MOTDNet: Multi organ task decoupling network for cell segmentation

In histopathology, cell detection and segmentation of Hematoxylin and Eosin (H&E) stained tissue images are essential clinical tasks. Existing methods decompose cell segmentation into three tasks: nucleus shape capture, overlapping nucleus separation, and nucleus type identification. However, these methods use a same structure decoder for all three tasks, ignoring the unique characteristics of each task and causing gradient conflicts, which ultimately affect segmentation accuracy. To address these issues, we introduce MOTDNet, a universal heterogeneous task decoupling network that incorporates directional pixel differential convolution(DPDC) and outer product convolution(OPC), along with task-specific decoders, enabling the segmentation and classification of 5 cell types across 19 tissues. Specifically, we design a CNN-SSM block to accurately capture cell shapes. Additionally, A directional differential convolution is designed to efficiently separate overlapping nuclei. Besides, we introduce an outer product convolution for accurately extracting contextual information in pathological images with numerous cell types and complex structures. Moreover, the outputs of the task-specific decoders are processed using the watershed algorithm to generate the final predictions.
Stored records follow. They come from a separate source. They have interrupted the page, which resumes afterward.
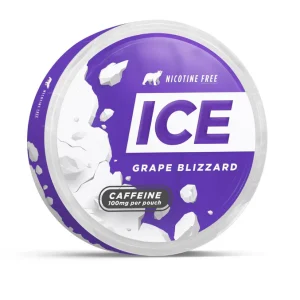 ICE Grape Blizzard Caffeine Pouches - 100mg ( Short Date / Expired )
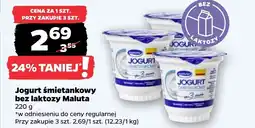 Netto Jogurt śmietankowy bez laktozy Maluta oferta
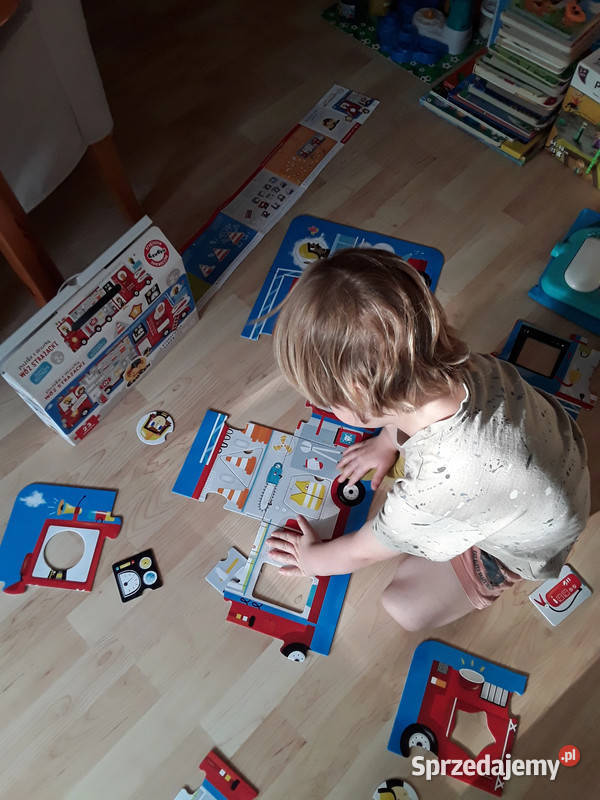 Puzzle dzieci 2 Wóz strażacki 23 elementy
Extensive experimental reveal that our model not only achieves satisfactory performance on the PanNuke, MoNuSeg, Kumar and CPM17 medical datasets, but also attains competitive performance on the NYU-V2 and Cityscape non-medical datasets. Notably, our model achieves SOTA performance on the challenging PanNuke dataset with 13 GFLOPs of computation, 32M parameters, an F-1 score of 0.83, and a mean panoptic quality of 0.4999.